How Does Phase Accumulation Influence the Return Phase of a Wave?

[sapz]

Homework Statement

I hope this question is better suited to this forum...

(See picture)
We have 3 areas in which a wave can move.

The wave Y1 starts at area 1 and goes towards Border 1, some part of it is passed to Area 2.
That part goes towards Border 2, and some part of it is reflected back into Area 2.
That part moves towards Border 1, and some of it passes to Area 1.

I'm interested in that last part that returned to Area 1, which is Y4.
What is its Phase? It would seem that the wave accumulated phase when it was in Area 2, so should it be 2D * k2? (wave number times the distance in that area)?
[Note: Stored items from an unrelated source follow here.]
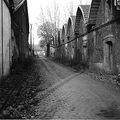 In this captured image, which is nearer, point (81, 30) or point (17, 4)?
point (17, 4)

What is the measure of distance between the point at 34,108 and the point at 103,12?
9672mm

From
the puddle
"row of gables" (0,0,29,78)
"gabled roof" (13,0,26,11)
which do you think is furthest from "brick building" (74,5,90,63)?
the puddle

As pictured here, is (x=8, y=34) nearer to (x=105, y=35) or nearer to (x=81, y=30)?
(x=105, y=35)

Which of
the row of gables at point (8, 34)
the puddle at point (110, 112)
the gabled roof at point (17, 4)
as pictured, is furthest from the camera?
the gabled roof at point (17, 4)

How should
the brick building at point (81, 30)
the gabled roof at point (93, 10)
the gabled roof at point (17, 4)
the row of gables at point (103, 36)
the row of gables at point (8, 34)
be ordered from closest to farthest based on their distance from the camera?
the row of gables at point (8, 34) → the row of gables at point (103, 36) → the gabled roof at point (17, 4) → the gabled roof at point (93, 10) → the brick building at point (81, 30)

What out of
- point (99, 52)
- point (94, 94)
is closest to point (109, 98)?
point (94, 94)

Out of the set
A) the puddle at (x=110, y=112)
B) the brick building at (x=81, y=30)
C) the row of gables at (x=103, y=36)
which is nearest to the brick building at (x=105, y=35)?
the row of gables at (x=103, y=36)

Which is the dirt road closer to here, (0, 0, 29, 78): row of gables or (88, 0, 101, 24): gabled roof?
(0, 0, 29, 78): row of gables

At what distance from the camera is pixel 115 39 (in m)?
10.4

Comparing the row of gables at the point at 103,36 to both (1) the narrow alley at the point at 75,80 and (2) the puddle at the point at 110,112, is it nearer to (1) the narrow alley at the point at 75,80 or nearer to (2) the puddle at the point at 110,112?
(1) the narrow alley at the point at 75,80

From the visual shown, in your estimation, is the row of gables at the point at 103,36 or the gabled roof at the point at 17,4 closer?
the row of gables at the point at 103,36

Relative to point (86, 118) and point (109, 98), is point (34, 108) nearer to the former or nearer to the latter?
point (86, 118)

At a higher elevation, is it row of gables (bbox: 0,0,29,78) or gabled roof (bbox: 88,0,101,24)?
gabled roof (bbox: 88,0,101,24)

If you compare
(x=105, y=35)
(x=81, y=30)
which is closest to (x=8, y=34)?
(x=105, y=35) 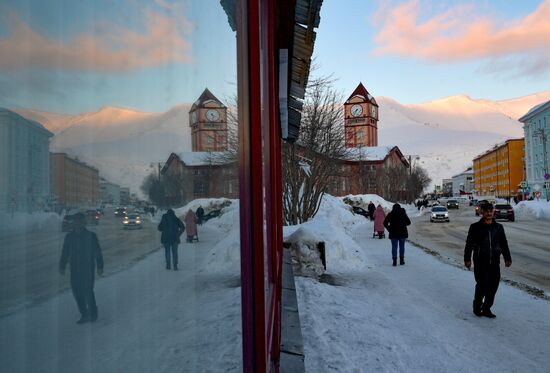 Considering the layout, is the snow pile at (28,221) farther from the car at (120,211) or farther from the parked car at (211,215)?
the parked car at (211,215)

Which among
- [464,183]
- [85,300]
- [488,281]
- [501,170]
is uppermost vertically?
[501,170]

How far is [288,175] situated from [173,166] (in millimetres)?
14160

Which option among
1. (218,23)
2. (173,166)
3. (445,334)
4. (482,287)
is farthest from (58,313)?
(482,287)

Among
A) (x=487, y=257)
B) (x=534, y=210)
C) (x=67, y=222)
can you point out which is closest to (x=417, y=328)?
(x=487, y=257)

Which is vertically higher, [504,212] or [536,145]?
[536,145]

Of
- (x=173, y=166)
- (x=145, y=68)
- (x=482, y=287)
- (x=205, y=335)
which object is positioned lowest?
(x=482, y=287)

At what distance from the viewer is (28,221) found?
1.16 ft

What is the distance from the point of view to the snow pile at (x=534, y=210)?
32.3 metres

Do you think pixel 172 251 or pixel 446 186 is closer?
pixel 172 251

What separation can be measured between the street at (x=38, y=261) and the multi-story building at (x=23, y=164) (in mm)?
28

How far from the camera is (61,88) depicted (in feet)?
1.31

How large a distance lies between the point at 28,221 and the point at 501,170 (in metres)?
101

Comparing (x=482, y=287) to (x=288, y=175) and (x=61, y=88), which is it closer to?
(x=61, y=88)

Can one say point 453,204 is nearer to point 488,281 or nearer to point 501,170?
point 501,170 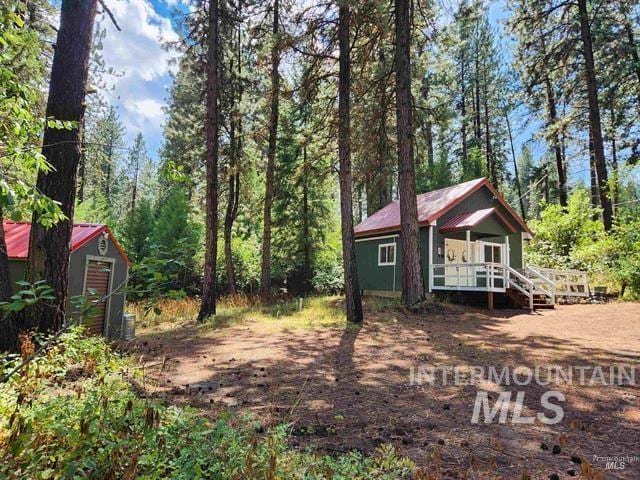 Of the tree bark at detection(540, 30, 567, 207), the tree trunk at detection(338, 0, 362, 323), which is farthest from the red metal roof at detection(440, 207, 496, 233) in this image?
the tree trunk at detection(338, 0, 362, 323)

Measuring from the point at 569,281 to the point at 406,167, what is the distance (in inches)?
359

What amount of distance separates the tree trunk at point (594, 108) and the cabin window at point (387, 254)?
8817mm

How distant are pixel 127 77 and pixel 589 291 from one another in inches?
681

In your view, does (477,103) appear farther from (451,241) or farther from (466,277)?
(466,277)

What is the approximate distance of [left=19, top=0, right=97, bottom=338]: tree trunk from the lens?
5.14m

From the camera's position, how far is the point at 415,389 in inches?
169

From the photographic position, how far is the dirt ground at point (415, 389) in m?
2.75

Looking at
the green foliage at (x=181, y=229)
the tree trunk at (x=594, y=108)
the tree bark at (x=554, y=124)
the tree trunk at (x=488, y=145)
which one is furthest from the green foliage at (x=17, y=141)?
the tree trunk at (x=488, y=145)

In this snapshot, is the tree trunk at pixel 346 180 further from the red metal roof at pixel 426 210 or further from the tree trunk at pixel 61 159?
the red metal roof at pixel 426 210

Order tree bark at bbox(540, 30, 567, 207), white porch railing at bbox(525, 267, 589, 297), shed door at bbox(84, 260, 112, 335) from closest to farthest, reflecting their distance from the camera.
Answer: shed door at bbox(84, 260, 112, 335)
white porch railing at bbox(525, 267, 589, 297)
tree bark at bbox(540, 30, 567, 207)

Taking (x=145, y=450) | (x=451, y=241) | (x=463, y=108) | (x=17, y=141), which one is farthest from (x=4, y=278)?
(x=463, y=108)

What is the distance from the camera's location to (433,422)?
333 centimetres

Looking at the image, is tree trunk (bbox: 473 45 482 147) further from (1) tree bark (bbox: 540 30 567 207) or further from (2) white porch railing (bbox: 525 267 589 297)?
(2) white porch railing (bbox: 525 267 589 297)

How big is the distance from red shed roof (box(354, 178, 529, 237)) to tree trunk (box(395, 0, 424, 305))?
4.02 m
If the original wave was Y_1(x,t) = Ae^{i(wt-k_1x)}, would Y4 be Y_4(x,t) = Be^{i(wt+k_1x+\phi)}, where \phi = 2Dk_2?
Or should it be \phi = -2Dk_2?

(A and B are some amplitudes we can relate through reflectivity and transmittance coefficients)

 

[haruspex]

The extra path length will create phase lag. Think of it this way, it has the same phase as the waves that were reflected from the first boundary at 2D/v in the past.
What about a possible 180 degree phase shift at the reflection?

 

[sapz]

The 180 degrees shift at reflection would be expressed by a minus sign in the reflection coefficient.
But what about the shift lag from the extra path? I am not sure I understand

 

[haruspex]

The 180 degrees shift at reflection would be expressed by a minus sign in the reflection coefficient.

Not necessarily. It depends on which medium has the higher index.

But what about the shift lag from the extra path? I am not sure I understand

A wave reflected at the second boundary has had to travel an extra 2D compared to a wave reflected at the first boundary. That takes time 2D/v. If the frequency at the source is ω, the phase at the source advances ω2D/v in that time. So the phase of a wave reflected at the second boundary will be ω2D/v behind a wave it meets that was reflected at the first boundary.